LE MONDE | | Par Margherita Nasi
La frontière entre travail et loisir, subordination et épanouissement, plaisir et contrainte, semblerait de moins en moins évidente à en croire la recrudescence de l’usage du mot « passion » à propos du travail. Et pourtant, le nombre de travaux de recherche portant sur ce sujet est faible. C’est de ce double constat contradictoire que qu’est né l’ouvrage Le travail passionné. L’engagement artistique, sportif ou politique, sous la direction des sociologues Marc Loriol et Nathalie Leroux.

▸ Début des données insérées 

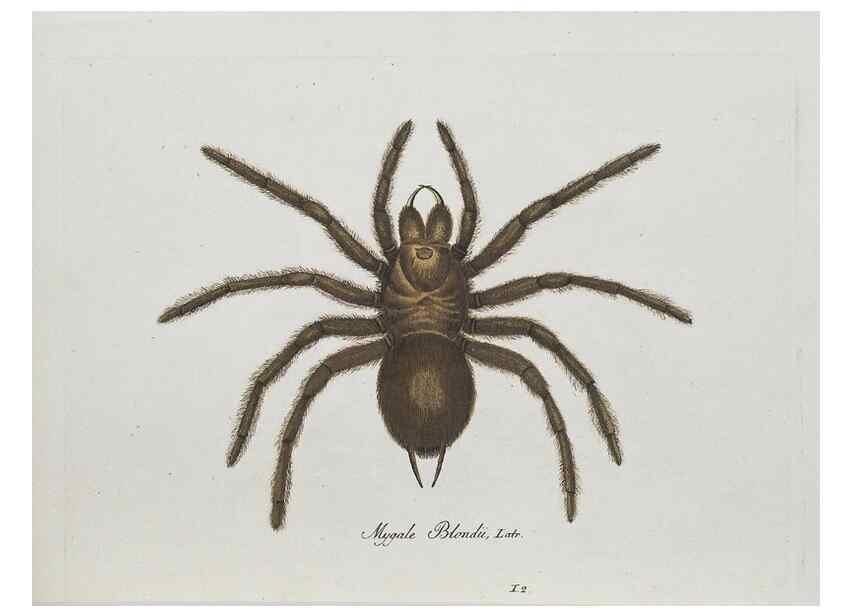 Reproducción/Reproduction 30885338581: Monographia Aranearum = Monographie der Spinnen /. Nurnberg :Lechner,[182.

Comment lire et interpréter cette résurgence de l’usage du mot « passion » dans le cadre du travail ? La question de la passion soulève de nombreuses interrogations qui traversent les différents articles de ce livre : une première tient au caractère polysémique de la notion de passion, à la fois entendue comme facteur aliénant et comme énergie créatrice.
Il s’agit aussi de prendre en compte la dimension sociale et collective de la passion, puisque la glorification de l’engagement peut être vue comme une attente sociale de plus en plus prégnante, avec des cadres invités à s’engager totalement dans leur activité. Ainsi, l’envie de faire un travail passionnant « peut bien être exploitée par certains employeurs afin d’accroître la durée du temps du travail et éventuellement de proposer des rémunérations moindres et des perspectives de carrière plus limitées ».

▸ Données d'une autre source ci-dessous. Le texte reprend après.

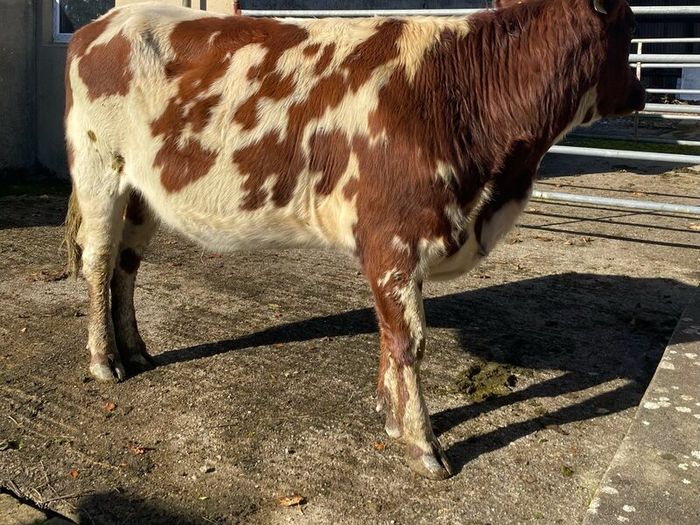 Coloured Shorthorn First Calver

La passion au travail peut aussi être source de conflits d’intérêts si elle conduit à valoriser un certain niveau de qualité allant à l‘encontre des objectifs de rentabilité à court terme et de productivité des directions. « A un engagement spontané, né d’une passion commune pour les missions et les fins du métier, la direction peut être tentée de substituer un engagement contrôlé où les aspirations et valeurs des salariés sont récupérées pour les faire correspondre aux objectifs de rentabilité ».
En analysant un prisme d’activités professionnelles relatives aux mondes de l’art, du sport et de l’engagement politique, en mobilisant diverses perspectives, l’ouvrage montre à quel point cette injonction à la passion est paradoxale et ambivalente.